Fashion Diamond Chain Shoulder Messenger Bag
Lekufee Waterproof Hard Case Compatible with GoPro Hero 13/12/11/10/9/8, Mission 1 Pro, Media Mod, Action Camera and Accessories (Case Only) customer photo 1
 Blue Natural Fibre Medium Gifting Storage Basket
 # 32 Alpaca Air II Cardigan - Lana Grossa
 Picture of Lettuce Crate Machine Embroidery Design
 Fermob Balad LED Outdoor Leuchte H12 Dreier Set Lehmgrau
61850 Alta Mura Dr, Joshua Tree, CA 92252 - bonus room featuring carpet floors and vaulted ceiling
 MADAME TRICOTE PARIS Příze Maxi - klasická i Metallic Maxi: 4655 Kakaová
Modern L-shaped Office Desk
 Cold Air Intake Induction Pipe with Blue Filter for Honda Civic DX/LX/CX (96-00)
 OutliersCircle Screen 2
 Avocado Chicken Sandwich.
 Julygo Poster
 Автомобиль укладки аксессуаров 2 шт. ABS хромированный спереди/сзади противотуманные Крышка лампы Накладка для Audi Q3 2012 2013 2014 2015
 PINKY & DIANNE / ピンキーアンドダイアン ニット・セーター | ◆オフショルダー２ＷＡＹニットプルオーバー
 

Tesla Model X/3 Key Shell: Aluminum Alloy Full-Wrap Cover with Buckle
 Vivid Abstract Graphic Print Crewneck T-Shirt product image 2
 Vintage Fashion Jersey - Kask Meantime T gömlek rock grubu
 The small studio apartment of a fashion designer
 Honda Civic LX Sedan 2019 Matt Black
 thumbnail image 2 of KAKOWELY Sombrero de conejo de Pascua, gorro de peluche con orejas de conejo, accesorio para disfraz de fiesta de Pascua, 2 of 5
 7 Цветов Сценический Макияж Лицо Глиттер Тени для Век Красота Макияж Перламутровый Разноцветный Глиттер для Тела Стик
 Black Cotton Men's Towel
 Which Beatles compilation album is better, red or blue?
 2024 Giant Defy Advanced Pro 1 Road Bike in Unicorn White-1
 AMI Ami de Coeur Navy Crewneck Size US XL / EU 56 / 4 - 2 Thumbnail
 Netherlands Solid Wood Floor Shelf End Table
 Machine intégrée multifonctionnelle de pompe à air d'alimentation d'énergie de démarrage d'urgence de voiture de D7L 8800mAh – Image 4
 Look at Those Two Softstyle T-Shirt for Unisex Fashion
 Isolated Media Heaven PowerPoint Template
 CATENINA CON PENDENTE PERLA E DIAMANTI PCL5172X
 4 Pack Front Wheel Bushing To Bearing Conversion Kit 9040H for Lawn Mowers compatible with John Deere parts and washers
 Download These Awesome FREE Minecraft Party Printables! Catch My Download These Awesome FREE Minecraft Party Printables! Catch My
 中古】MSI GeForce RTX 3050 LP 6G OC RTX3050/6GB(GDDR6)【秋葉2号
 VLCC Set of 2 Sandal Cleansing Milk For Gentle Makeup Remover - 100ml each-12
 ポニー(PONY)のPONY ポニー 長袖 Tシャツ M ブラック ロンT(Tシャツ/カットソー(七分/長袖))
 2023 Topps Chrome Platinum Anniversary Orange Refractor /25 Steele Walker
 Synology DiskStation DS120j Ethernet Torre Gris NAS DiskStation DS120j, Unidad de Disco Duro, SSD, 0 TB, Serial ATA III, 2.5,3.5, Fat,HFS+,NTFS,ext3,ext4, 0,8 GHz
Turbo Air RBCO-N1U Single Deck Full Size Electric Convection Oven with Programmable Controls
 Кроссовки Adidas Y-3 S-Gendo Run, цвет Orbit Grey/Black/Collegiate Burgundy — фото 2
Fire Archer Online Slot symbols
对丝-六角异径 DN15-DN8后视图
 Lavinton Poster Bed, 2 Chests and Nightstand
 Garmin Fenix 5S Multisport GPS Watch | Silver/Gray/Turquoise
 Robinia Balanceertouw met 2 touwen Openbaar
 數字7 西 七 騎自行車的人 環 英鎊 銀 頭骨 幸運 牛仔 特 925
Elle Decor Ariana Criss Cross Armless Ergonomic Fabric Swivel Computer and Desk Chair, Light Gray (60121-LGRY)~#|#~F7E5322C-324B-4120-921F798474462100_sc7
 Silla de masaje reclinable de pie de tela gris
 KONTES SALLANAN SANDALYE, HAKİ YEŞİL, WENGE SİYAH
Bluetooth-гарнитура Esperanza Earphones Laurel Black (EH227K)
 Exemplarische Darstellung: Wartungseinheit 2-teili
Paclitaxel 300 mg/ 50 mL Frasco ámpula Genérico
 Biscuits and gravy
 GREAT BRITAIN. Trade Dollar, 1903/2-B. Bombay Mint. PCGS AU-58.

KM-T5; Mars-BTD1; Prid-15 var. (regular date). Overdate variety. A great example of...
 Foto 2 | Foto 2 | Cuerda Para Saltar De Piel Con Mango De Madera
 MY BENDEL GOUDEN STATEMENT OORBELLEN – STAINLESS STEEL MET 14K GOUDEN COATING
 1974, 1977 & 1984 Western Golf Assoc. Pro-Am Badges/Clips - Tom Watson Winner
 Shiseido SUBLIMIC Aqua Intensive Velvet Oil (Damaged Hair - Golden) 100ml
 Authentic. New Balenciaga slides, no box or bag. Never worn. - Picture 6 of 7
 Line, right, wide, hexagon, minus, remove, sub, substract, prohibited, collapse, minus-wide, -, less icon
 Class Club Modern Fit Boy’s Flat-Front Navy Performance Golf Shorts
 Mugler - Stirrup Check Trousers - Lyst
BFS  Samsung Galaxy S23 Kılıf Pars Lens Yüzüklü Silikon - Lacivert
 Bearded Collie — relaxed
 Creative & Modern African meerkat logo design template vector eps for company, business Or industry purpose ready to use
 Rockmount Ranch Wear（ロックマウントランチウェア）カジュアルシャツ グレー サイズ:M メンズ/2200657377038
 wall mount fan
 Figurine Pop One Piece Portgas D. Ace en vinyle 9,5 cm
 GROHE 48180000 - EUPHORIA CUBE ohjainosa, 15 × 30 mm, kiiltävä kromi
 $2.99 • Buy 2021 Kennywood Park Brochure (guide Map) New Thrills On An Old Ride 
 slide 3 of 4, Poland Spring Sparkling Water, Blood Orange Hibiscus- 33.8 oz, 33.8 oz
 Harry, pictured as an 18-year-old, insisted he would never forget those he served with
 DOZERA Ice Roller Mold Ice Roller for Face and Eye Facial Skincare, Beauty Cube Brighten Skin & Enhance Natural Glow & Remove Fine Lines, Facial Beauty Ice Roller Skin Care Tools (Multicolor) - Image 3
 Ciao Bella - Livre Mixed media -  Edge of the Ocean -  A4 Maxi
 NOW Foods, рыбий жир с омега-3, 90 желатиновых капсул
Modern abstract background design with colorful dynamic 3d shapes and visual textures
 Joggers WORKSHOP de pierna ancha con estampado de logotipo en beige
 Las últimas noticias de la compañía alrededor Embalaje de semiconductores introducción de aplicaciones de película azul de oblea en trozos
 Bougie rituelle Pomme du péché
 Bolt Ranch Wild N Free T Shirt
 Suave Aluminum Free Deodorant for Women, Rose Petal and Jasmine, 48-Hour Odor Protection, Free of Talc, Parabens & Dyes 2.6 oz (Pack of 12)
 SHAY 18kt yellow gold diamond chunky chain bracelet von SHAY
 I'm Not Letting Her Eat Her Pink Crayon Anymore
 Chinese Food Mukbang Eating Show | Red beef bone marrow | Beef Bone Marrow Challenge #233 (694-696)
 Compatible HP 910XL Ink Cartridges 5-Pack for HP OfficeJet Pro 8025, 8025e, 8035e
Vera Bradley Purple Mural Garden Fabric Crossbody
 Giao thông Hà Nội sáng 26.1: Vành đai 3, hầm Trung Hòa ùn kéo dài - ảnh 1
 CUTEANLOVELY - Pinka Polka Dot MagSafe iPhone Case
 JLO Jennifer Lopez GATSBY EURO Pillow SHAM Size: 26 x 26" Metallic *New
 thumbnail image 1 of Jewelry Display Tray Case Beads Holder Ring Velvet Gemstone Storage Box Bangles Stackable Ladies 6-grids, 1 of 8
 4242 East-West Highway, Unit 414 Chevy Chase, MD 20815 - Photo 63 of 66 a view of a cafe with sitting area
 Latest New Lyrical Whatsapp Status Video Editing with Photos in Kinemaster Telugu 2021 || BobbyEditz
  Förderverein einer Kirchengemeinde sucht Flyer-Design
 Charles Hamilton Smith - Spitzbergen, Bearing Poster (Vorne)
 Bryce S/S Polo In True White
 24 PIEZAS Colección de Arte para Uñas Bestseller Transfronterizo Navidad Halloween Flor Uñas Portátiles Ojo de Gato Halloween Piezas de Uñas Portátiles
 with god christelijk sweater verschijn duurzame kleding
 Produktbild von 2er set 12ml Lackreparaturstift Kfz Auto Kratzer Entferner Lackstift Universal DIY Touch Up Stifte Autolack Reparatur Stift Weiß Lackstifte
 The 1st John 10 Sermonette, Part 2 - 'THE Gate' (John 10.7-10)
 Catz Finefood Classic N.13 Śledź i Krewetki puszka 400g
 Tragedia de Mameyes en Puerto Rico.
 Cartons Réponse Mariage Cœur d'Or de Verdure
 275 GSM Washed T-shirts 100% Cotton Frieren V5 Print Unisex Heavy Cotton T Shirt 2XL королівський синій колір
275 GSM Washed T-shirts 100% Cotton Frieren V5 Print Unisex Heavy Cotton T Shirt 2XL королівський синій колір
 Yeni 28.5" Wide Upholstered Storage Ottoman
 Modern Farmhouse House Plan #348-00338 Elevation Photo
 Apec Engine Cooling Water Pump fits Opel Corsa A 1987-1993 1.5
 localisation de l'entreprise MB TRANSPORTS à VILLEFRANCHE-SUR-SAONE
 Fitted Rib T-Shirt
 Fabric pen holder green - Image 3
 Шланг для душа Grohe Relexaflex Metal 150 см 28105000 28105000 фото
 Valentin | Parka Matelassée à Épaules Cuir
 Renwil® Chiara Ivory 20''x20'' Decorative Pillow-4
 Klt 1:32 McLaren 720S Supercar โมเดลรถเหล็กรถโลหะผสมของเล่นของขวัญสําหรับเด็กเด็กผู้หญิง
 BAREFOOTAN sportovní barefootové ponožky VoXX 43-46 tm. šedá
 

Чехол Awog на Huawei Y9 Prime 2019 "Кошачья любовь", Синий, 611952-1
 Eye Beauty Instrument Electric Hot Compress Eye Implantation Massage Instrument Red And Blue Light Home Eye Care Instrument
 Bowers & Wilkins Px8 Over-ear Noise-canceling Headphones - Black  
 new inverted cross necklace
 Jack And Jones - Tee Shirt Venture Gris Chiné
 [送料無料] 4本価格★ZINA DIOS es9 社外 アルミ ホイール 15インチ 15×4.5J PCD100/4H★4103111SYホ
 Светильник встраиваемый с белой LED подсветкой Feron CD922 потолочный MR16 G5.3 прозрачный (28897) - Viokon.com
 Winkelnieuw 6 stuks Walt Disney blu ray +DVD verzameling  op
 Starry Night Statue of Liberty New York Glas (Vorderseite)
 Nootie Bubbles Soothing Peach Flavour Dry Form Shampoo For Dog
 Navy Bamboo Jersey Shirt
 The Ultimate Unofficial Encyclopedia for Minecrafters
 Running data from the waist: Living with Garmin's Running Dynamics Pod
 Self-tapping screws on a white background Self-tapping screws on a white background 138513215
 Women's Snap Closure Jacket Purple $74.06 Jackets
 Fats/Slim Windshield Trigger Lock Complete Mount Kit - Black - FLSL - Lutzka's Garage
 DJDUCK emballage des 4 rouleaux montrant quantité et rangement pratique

________________________________________

> **EXERCISE REQUIREMENTS**
Which lines above include the string "Poster"? Show them.

> **ANSWER TO THIS TASK**
 Julygo Poster
 Lavinton Poster Bed, 2 Chests and Nightstand
 Charles Hamilton Smith - Spitzbergen, Bearing Poster (Vorne)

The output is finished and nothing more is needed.